Afganistan’ın yerel yemekleri şunlardır: Qabeli Pilav, Aş, Mantı, Âşak, Katkhi, Kachi, Fatir, Umach, Bolani, Delde, Şula, Çalo, Sütlü Pirinç, Çurba, Keçeri Qurot, Çaynaki, kebap ve köfte çeşitleri.
Müzik ve Danslar
Afganistan’da farklı tarz ve şekillerde icra edilen müzik, ülkenin kültüründe özel bir yere sahiptir. Afgan müziğinin tarihi Aryanlar dönemine dayanır. Hindukuş’un eteklerinde ortaya çıkan Vedik ve Avesta şarkıları gruplar halinde özel retimlerle söylenirdi. Genel olarak Afgan müziği şu tarzlara sahiptir: Yerel ve geleneksel (folklorik) müzik, dini müzik, pop müzik ve klasik müzik. Afganistan’daki yaygın müzik aletlerini şunlar oluşturur: Rubab, tambur, dotar, gichak, çang, surna, ney, tola, delreba, trompet, sifun, harmonium, daf, duhl, çan, zirbağali, tabla. Ülkenin çağdaş müzisyenleri arasında Naşinas, Ahmad Zahir, Mohammad Asif, Mahwaş, Dur Mohammad Logari, Saraban, Bilton, Zaland, Bazgul Badakhshi gibi isimler yer almaktadır. Guzar-i Kharabat, Afgan müziğinin büyük sanatçılarının yaşadığı Kabil şehrinin eski mahallelerinden biridir. Bazıları, Afganistan’ın geleneksel müziğinin bu mahallede geliştiğini inanırlar. Bu sanatçılar arasında üstat Qasim, Rahim Bakhsh, Nathu, Yaqub Qasimi, Şayda ve üstat Sarahang ve diğer sanatçılar sayılabilir. Kabil’de bir müzik merkezi olarak faaliyet gösteren Afganistan Ulusal Müzik Enstitüsü, Ahmad Nasir Sarmast tarafından 2010 yılında Millî Eğitim Bakanlığı işbirliğiyle açılmıştır. Bu enstitü, geleneksel müzik aletleri ile Afgan ve Batı müziği eğitimi vermekteydi. Ancak Taliban hükûmetinin iktidara gelmesinden sonra kapatılmıştır.
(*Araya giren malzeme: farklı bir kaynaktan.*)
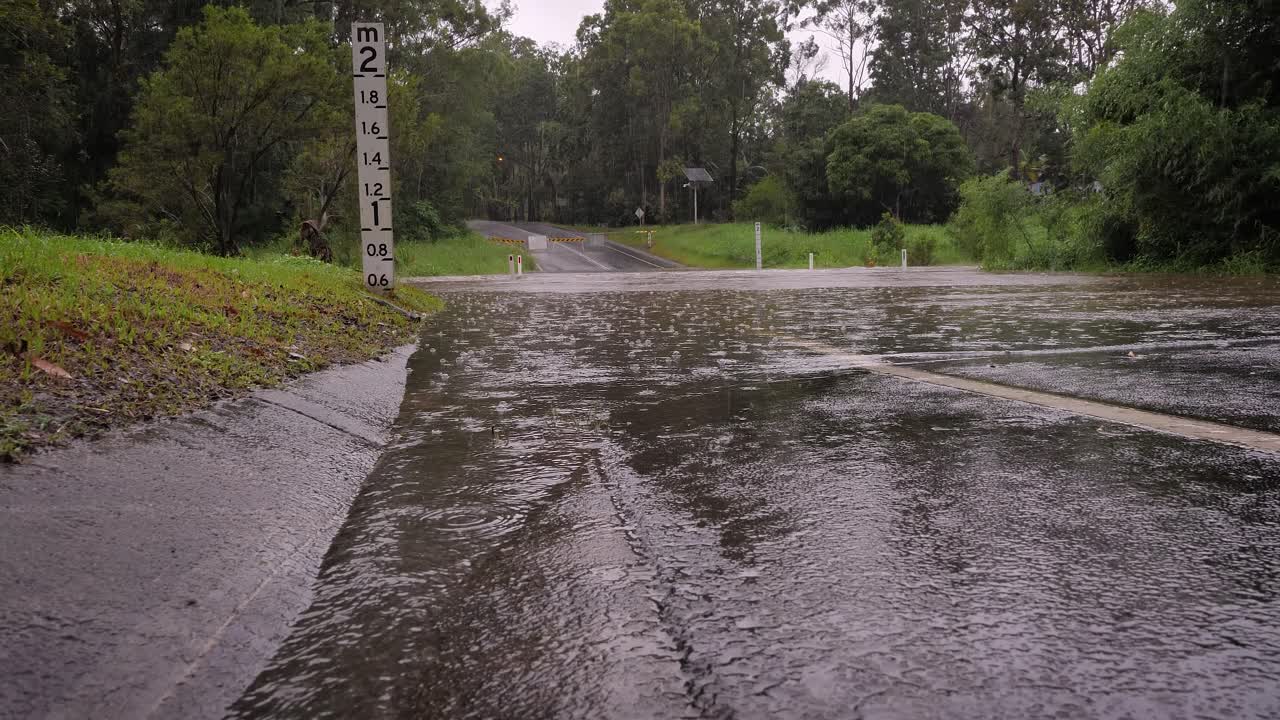 gold coast, queensland, 16 de febrero de 2024 - bajo golpe de flujo de agua en inundaciones a través de la carretera de hardy en mudgeeraba después de que las fuertes lluvias continúan azotando el sureste de queensland, australia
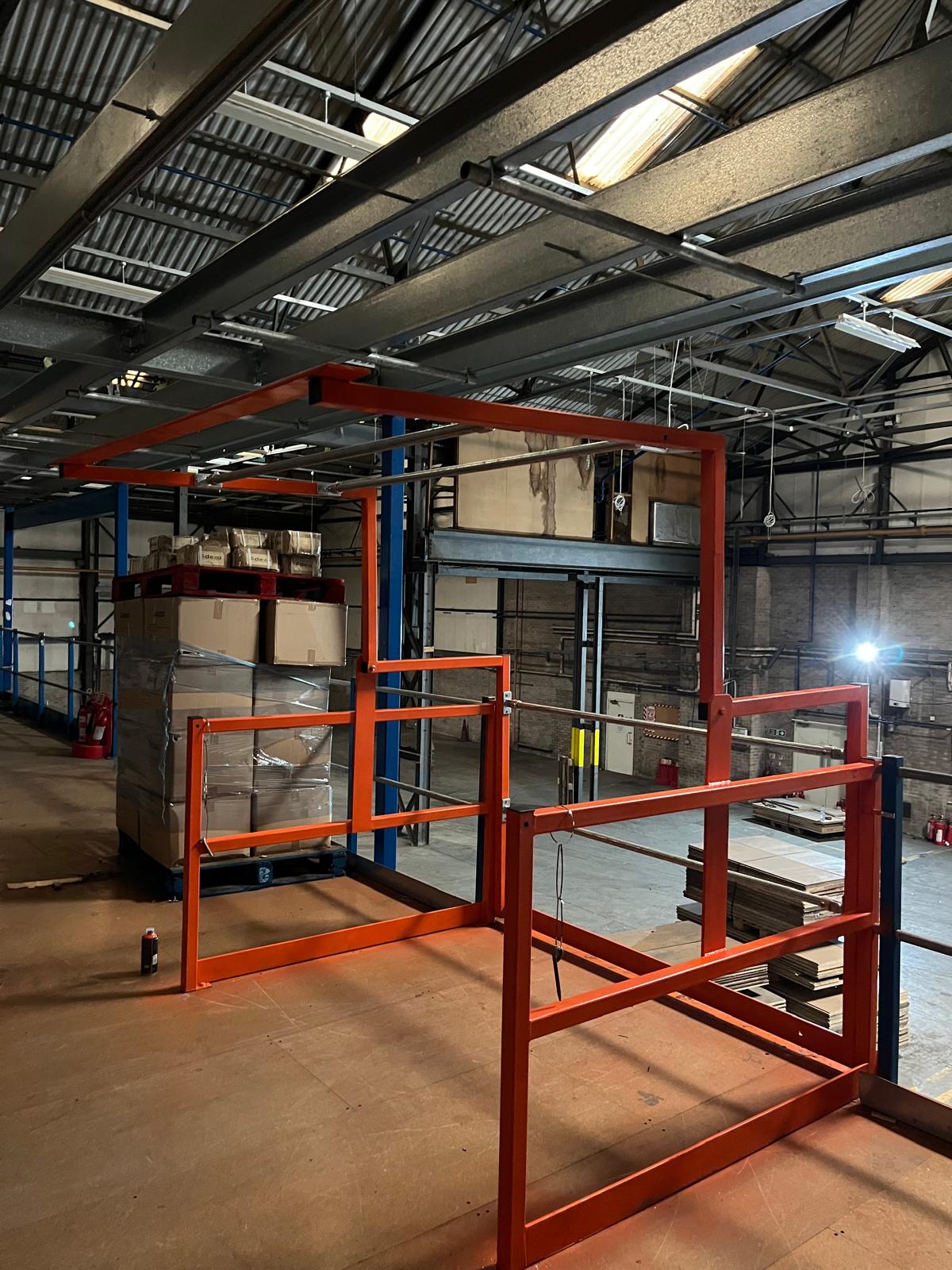 An orange painted safety pallet gate fitted to the edge of a mezzanine floor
Geleneksel Afgan danslarına geldiğimizde Afganistan’ın farklı etnikleri; düğünler, bebek doğumları, Bağımsızlık Günü ve diğer dinî ve millî bayramlar gibi mutlu günlerde kendine has bir dizi danslar gerçekleştirirler. Ülkenin çoğu yerinde, özellikle doğu ve güney bölgelerinde, Atan adı verilen bir dans yapılır. Ulusal Atan genellikle davul eşliğinde icra edilir ve katılımcılar bir çember halinde toplanır. “Da Atan Nari” adlı özel şarkı Atan sırasında icra edilir. Karsak-i Panjşir, Panjşir halkı ve ülkenin diğer bölgeleri arasında popüler bir başka dans türüdür. Adından da anlaşılacağı gibi, karsak alkış ve def eşliğinde topluca icra edilir. Ülkenin diğer bölgelerinde Afşari, Qatağani, Pamiri, Nooristani, Sema dansı, Kaşık dansı ve Hazaragi gibi farklı danslar yapılır.
Yerel Oyunlar
Ülkenin her köşesinde çocuklar ve gençler arasında popüler olan çeşitli yöresel oyunlar çok eski çağlardan beri bulunmaktadır. Afganistan toplumunda her bir oyunun ortaya çıkması ve yaygınlaşması amaç ve hedeflere dayanmakta olup bazı oyunlar insanların günlük yaşamlarında kolaylıklar yaratan, fiziki ve zihnî becerileri beraberinde getirirken, bazı oyunlar ise eğlence ve zevk yönüne sahiptir ve bunların büyük bir kısmı artık ülke halkı arasında kutlamalarda ve özel günlerde gerçekleştirilmektedir. Bozkırda at sırtında oynanan oyunlar (Buzkaşi), güreş, mızrak oyunu, uçurtma uçurma oyunu vb. örnek olarak sayılabilir.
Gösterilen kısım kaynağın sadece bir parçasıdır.